# Cab swap on '92 chevy cheyenne 3500



## serafii (Nov 29, 2009)

i went to the body shop today to get a price to redo the body on my 92 chevry 3500 srw. comes out that the cab is in worse condition that i was hoping. rust bubbles around the windshield, cab bushings on passenger side rotted out and cab is now resting on the frame. the doors are also rotted out on the bottom.

he told me it would be cheaper to swap cabs than to buy/install a roof, floor panel and bushings and doors. i have a shop to do it myself but dont have a chain block or hoist of any sort to remove the old and place the new.

i found a scrap yard with about 20 cabs in the yard. $500 to $2500(from just a gutted cab to a complete cab with doors, seat, dash...)

im just wondering if any of yous have done it and would recommend me doing it or just having the body shop getting it repaired the best they can and try selling the truck come september when my 06 sierra is paid.

its a 1992 chevy cheyenne 3500 srw. 6.5 turbo diesel. reg cab. 6 speed and all manual inside(doors and windows)

sorry for the long post. didnt think it owuld be this long

this is a picture from 2007 when i got it painted to match my 06


----------



## serafii (Nov 29, 2009)

forgot to mention that he gave me a rough estimate of about 4k for a complete job. thats without calling for prices. he has to get back to me with a final estimate


----------



## sweetk30 (Sep 3, 2006)

500 for empty cab and 2500 for full cab ?  smokin crack

there was a guy 1-2 years ago with brand new bare cabs with doors in gm crates on ebay for about 1500-2000 each.

you need to find a 2wd truck with good body and bad drive line. then swap over the parts and go.

last 2 trucks i have built i got parts/doner 2wd trucks with blown motors for 500 bucks. bodys close to perfect.

and if the cab is that bad you best check over the whole frame real close for bad spots.

front boxed section of the frame from bumper up to box area rust out on some. then just behind cab were the factory box/cab mount is welded up to the frame . when these break the truck has the split frame problem.

and its a bit of work to do in the end. is the truck worth that much to you to drop that much money in to it in the end.

the only reason i did it 2x is thay were cheep rusted body 1ton 4x4 k30 solid axle trucks 77 and 79. then found 2 2wd with blown motors. and swaped over dirt cheep. if i had to do tons of work on rockers/cab corners/full inside swap over then nope i would of just parted them out.

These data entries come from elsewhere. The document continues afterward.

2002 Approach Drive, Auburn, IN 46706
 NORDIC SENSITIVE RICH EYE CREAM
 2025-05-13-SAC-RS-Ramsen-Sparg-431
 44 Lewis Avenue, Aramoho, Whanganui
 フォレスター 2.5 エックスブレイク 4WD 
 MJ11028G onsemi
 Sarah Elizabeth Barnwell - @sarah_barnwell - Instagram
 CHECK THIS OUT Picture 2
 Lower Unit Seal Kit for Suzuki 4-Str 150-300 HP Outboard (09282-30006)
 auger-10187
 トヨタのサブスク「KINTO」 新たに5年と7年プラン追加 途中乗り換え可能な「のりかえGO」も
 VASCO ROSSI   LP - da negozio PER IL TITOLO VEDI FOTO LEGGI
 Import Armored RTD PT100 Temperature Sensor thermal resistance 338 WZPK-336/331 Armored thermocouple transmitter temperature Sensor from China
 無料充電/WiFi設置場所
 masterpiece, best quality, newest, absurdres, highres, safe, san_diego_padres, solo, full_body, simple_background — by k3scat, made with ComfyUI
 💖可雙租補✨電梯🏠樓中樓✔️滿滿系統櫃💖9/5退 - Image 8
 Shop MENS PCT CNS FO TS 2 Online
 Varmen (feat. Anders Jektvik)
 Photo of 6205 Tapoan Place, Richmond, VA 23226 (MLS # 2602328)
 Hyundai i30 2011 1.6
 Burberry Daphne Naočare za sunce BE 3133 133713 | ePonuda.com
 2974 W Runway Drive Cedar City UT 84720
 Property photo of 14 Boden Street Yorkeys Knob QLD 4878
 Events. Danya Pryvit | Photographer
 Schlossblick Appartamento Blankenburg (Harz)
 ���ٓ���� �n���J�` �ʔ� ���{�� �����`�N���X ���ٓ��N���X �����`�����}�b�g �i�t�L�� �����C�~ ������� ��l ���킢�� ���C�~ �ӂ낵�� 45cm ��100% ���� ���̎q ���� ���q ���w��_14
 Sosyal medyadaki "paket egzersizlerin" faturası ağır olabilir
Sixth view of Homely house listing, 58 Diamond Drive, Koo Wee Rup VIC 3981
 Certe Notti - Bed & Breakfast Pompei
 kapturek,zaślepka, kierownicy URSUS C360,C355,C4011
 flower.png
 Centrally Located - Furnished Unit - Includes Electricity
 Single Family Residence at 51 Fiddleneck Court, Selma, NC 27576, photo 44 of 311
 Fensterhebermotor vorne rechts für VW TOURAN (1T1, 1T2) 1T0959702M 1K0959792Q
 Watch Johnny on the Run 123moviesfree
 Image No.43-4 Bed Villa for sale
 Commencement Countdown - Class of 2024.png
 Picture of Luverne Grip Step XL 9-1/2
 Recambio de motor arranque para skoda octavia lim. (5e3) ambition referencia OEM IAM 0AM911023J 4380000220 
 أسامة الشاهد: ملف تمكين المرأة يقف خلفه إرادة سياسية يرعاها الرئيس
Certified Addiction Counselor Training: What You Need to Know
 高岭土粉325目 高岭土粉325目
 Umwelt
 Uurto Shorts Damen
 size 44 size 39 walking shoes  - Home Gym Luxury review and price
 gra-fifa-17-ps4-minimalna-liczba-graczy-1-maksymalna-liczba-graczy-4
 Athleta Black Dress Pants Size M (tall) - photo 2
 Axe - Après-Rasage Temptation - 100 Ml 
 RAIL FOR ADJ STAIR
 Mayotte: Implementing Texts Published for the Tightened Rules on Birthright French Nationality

http://www.plowsite.com/showthread.php?p=1223095#post1223095

http://www.plowsite.com/showthread.php?t=116794&highlight=ford


----------



## serafii (Nov 29, 2009)

the only reason I would even spend that money is because the engine was replaced and only have about 45 000km on it. I invested about $22k within the last 8 years. 16k in ones year when I did the engine. The frame has been welded and repaired/reinforced already. Knowing that we've put soo much into this truck, it just wouldn't seem right to sell it for like 5k. Something inside wants me to just spend another 3-4k fix it up n just work it til it blows.

I looked for some 2wd parts truck but can't find anything under 2k

Gimme some ideas guys


----------



## RBRONKEMA GHTFD (Dec 17, 2006)

If you plan on keeping it get a gutted cab for 500, if you have a buddy with a loader or backhoe or forklift take everything out of the old one, doors and all. The lift the old one off and put the new one on and replace everything as you go. It isn't a hard job. if you plan on selling it, I think I would still just put a cab on it. The body shop can only do so much and its not going to last. I think the newer cab will last longer.


----------